10 Hari Tak Dijemput, Ambulans Beratribut Partai Masih Terparkir di SPBU Karanganyar
- VIVA Jogja
KARANGANYAR, VIVA Jogja - Kendaraan ambulans beratribut partai politik terparkir selama sekitar 10 hari di area SPBU Papahan, Kecamatan Tasikmadu, Kabupaten Karanganyar, Jawa Tengah. Hingga Jumat (26/2/2026) pukul 15.30 WIB, kendaraan tersebut masih berada di lokasi tanpa keterangan resmi dari pihak pemilik terkait waktu pengambilan.
Berdasarkan pantauan di lapangan, ambulans berpelat nomor luar daerah itu terparkir di sisi area SPBU. Pada bodi kendaraan terlihat logo partai politik serta foto seorang bakal calon legislatif bersama tokoh nasional pendiri partai.

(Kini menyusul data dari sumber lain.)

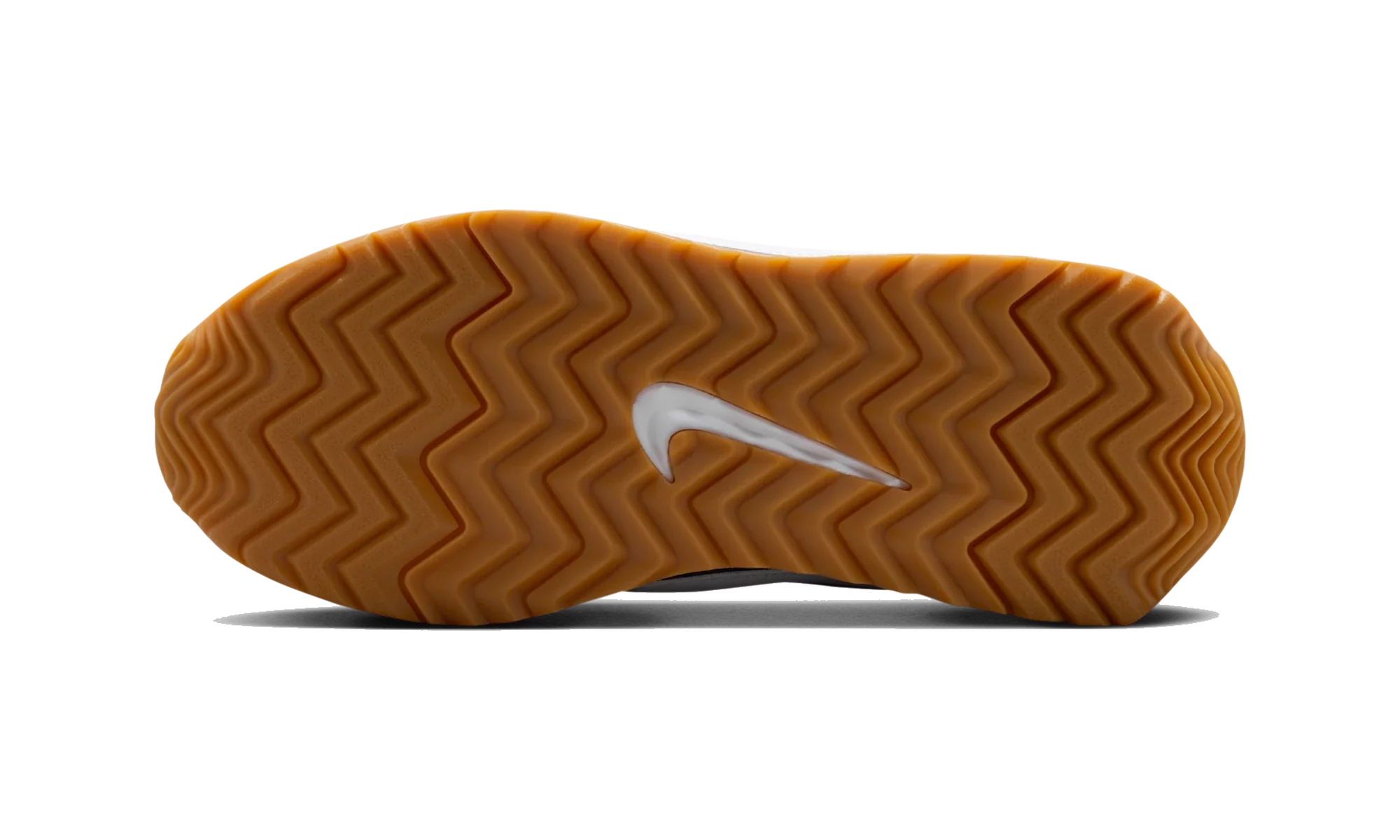 Nike Pacific Black White Iron Grey Gum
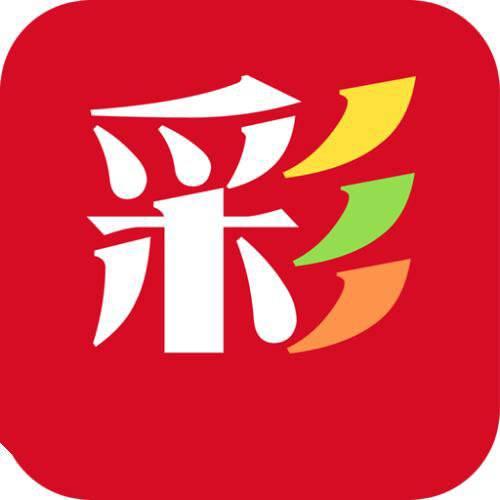 刘伯温的三肖四码期期准,实地分析数据设计_RX版75.205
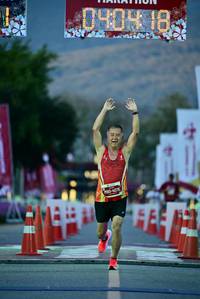 BIB: 
                            <button type="button" onclick="openModal(27847047)" class="btn btn-primary btn-sm float-right btn-popup" data-toggle="modal" data-target=".modal-high-quality">
                        <i class="fas fa-shopping-cart"></i> Add to Cart
                    </button>
                                            <button type="button" onclick="isThisMe(27847047, true)" class="btn btn-success btn-sm float-right btn-popup btn-isme hidden" data-toggle="tooltip" data-placement="bottom" title="นี่คือรูปของคุณใช่ไหม คลิกที่นี่เพื่อเอาเข้าอัลบั้ม">
                        <i class="fas fa-plus"></i> Add to album
                    </button>
                    <button type="button" onclick="isThisMe(27847047, false)" class="btn btn-warning btn-sm float-right btn-popup btn-isnotme hidden">
                        <i class="fas fa-ban"></i> Remove from album
                    </button>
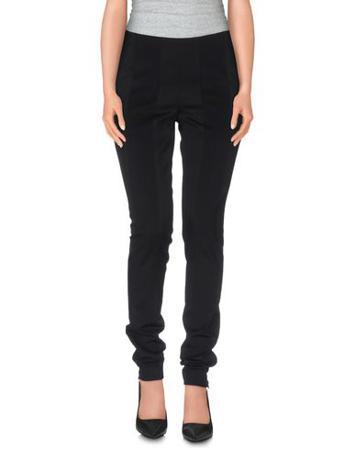 Брюки PACO RABANNE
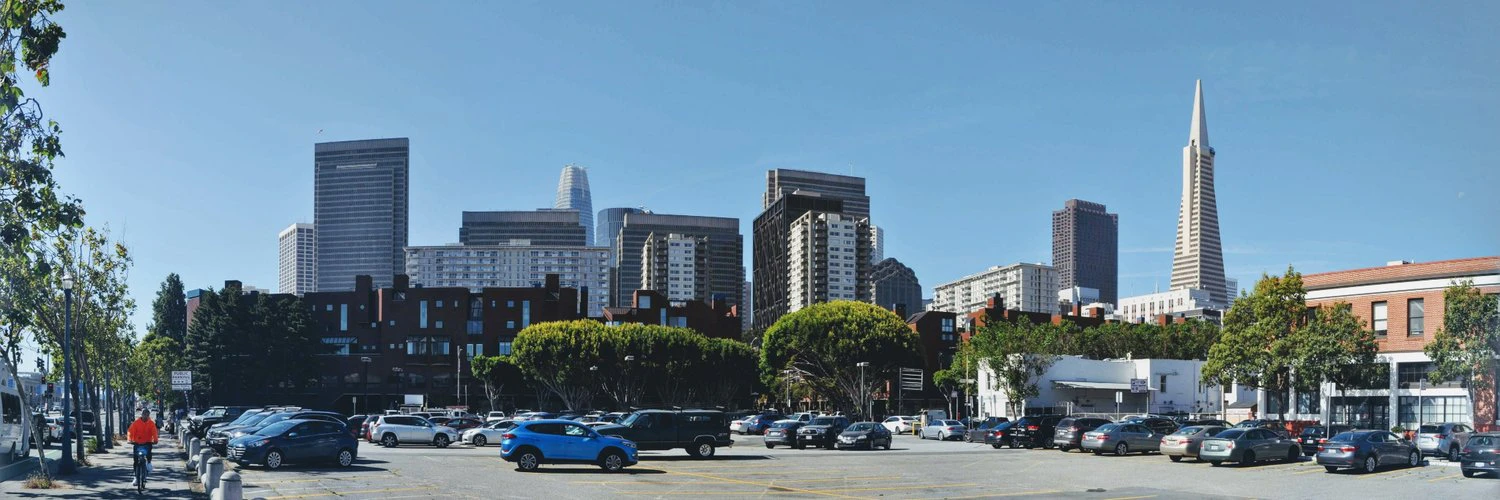 Albert Wolszon cover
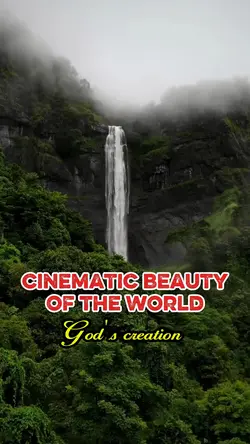 creation of God 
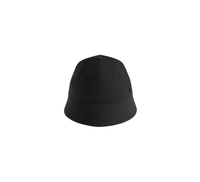 BCHat RVT - GRY - Shadowcast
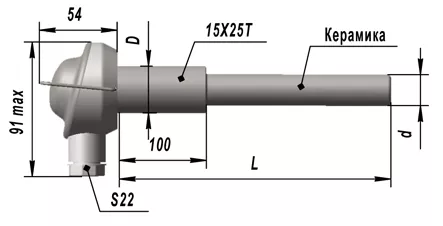 Товар pro-solution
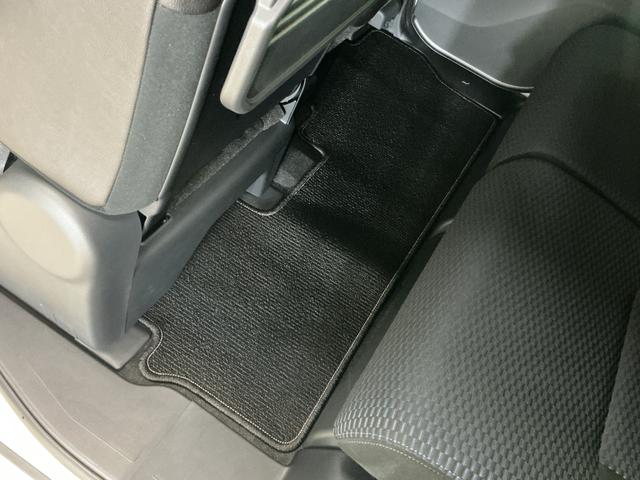 タントカスタムRS ターボ 両側リヤパワースライドドア 2WDターボ バックカメラ スマートアシスト 両側リヤパワースライドドア プッシュボタンエンジンスタート LEDヘッドライト シートヒーター オートエアコン オートライト コーナーセンサー アルミホイール(京都府)の中古車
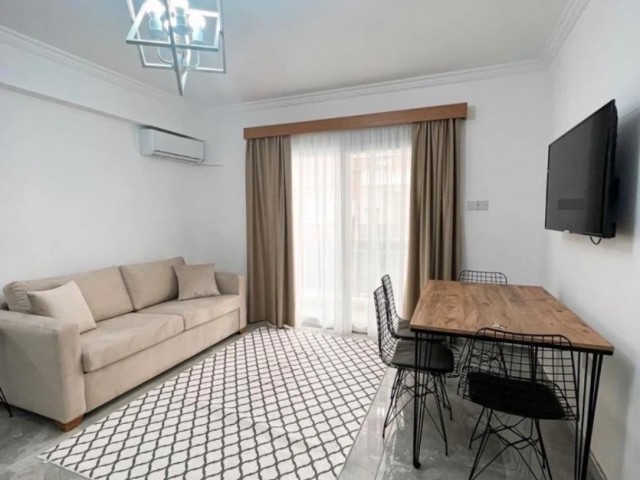 Acil satilik 1+1 denize yakin 💥💥💥 - Fotoğraf 1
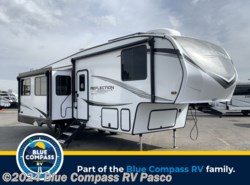 New 2024 Grand Design Reflection 150 Series 295RL available in Pasco, Washington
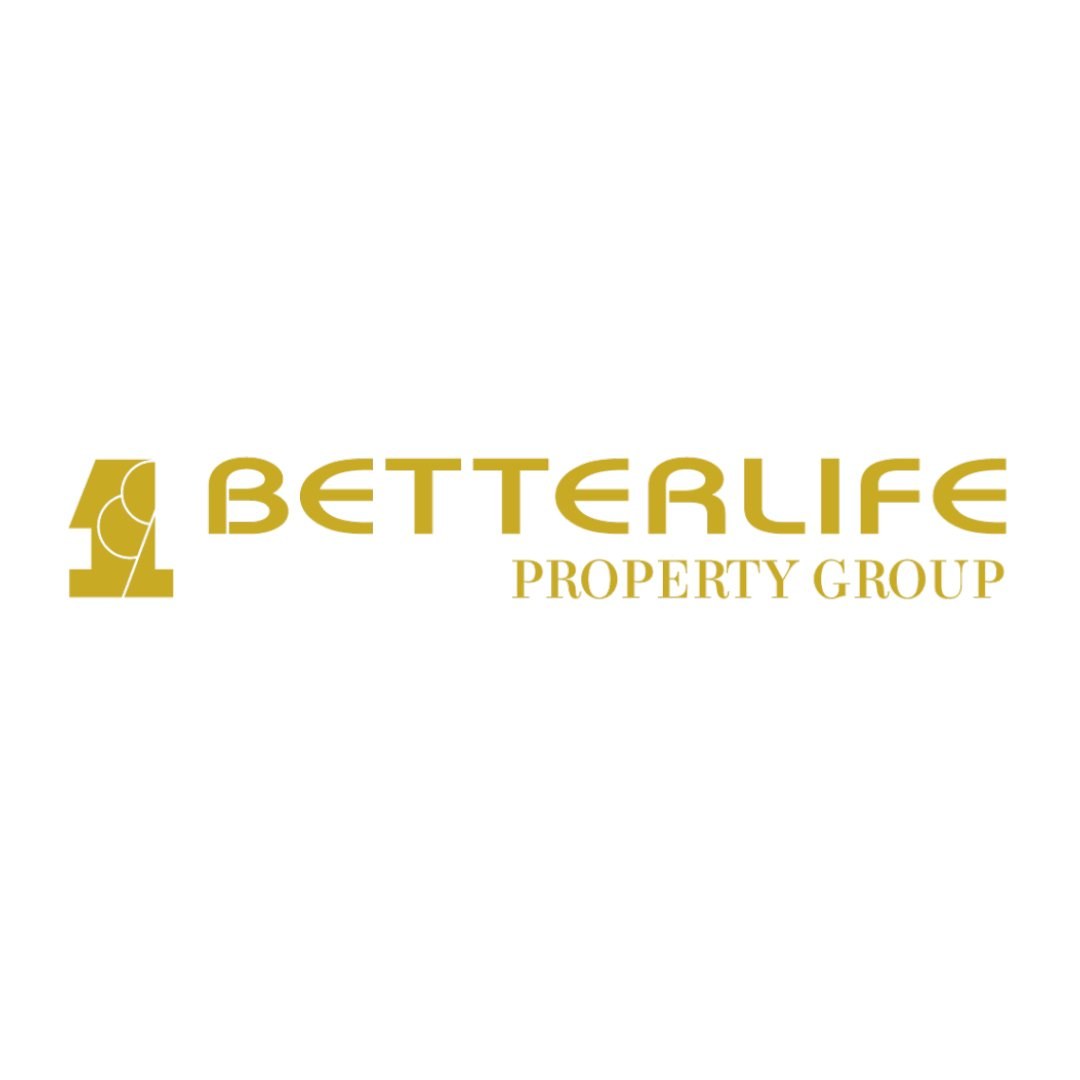 BetterLife Property Group — a Cleaning Captains client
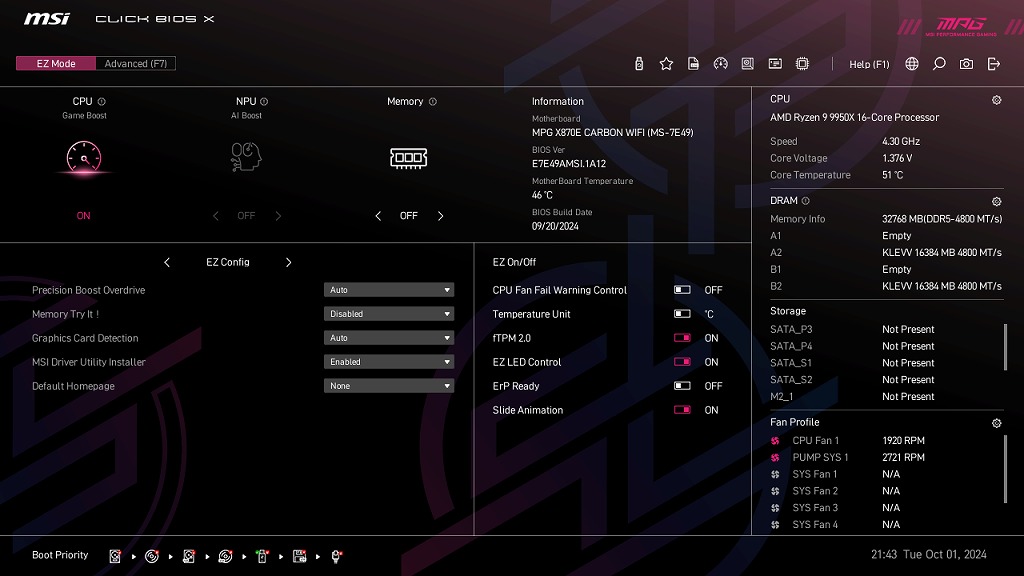 mpg_x870e_carbon_wifi_800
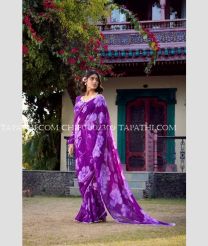 chiffon_sarees-20250424124312651707.jpg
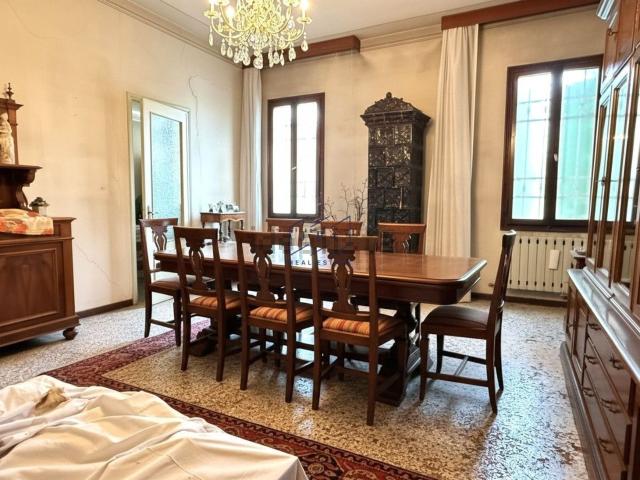 Casa in vendita a Ormelle, Veneto
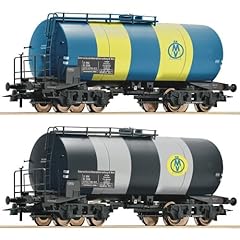 Roco 6600163 2er gebraucht kaufen  Wird an jeden Ort in Deutschland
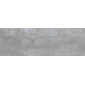 Betone grey серый 30x89,5 плитка матовый LP3090B0031R - превью 8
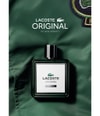 Image du produit 5 sur 6, Lacoste Original Parfum Parfum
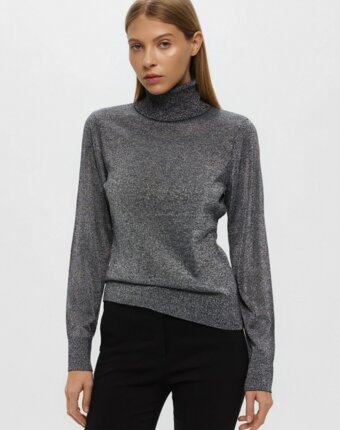 Водолазка H&M женщинам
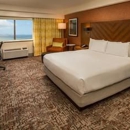 DoubleTree by Hilton Hotel San Francisco Airport - Hotels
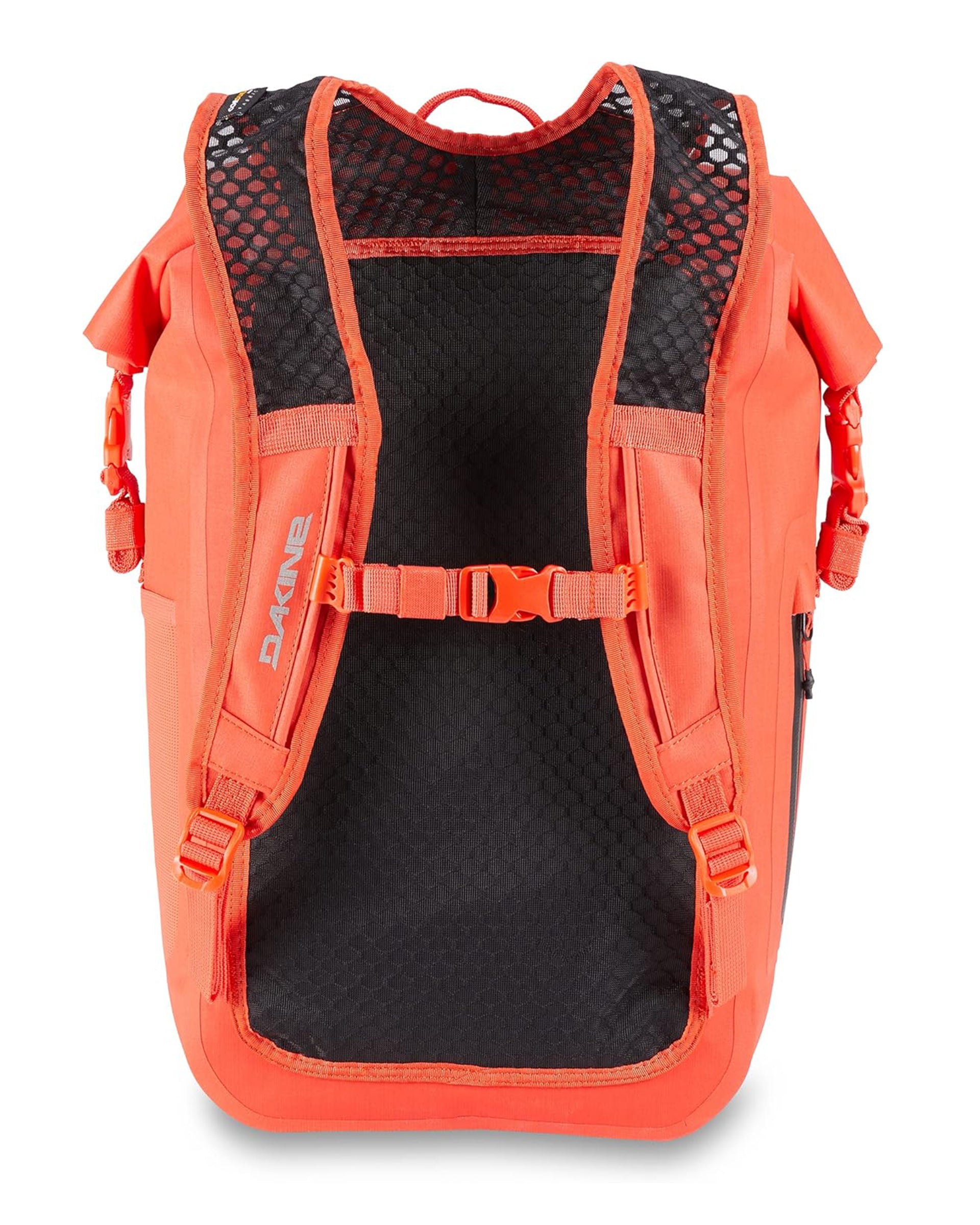 Cyclone 32L Roll Top Backpack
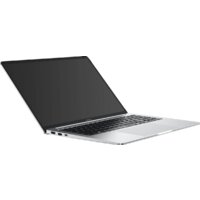 Infinix Inbook Y4 Max YL613 71008301550 Image #3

Petugas keamanan SPBU Papahan, Shodikin, mengatakan ambulans tersebut datang pada Senin (17/2/2026) menjelang waktu magrib dalam kondisi tidak dapat beroperasi dan harus ditarik kendaraan lain.
“Pengemudinya izin menitipkan satu malam saja. Katanya besok akan diambil bengkel,” ujar Shodikin saat ditemui di lokasi, Kamis (26/2/2026).
Namun hingga beberapa hari berlalu, kendaraan tersebut belum juga dipindahkan. Pihak keamanan kemudian melaporkan kondisi itu kepada perangkat wilayah setempat sebagai bentuk pemberitahuan.
Keberadaan ambulans tersebut turut diinformasikan kepada jaringan relawan ambulans di Karanganyar dan Solo Raya guna memastikan apakah ada pihak yang mengenali penanggung jawab kendaraan.
Koordinator paguyuban relawan ambulans setempat, Iwan, membenarkan pihaknya telah menerima laporan dan menyebarkan informasi ke sejumlah grup komunikasi relawan, termasuk wilayah Klaten.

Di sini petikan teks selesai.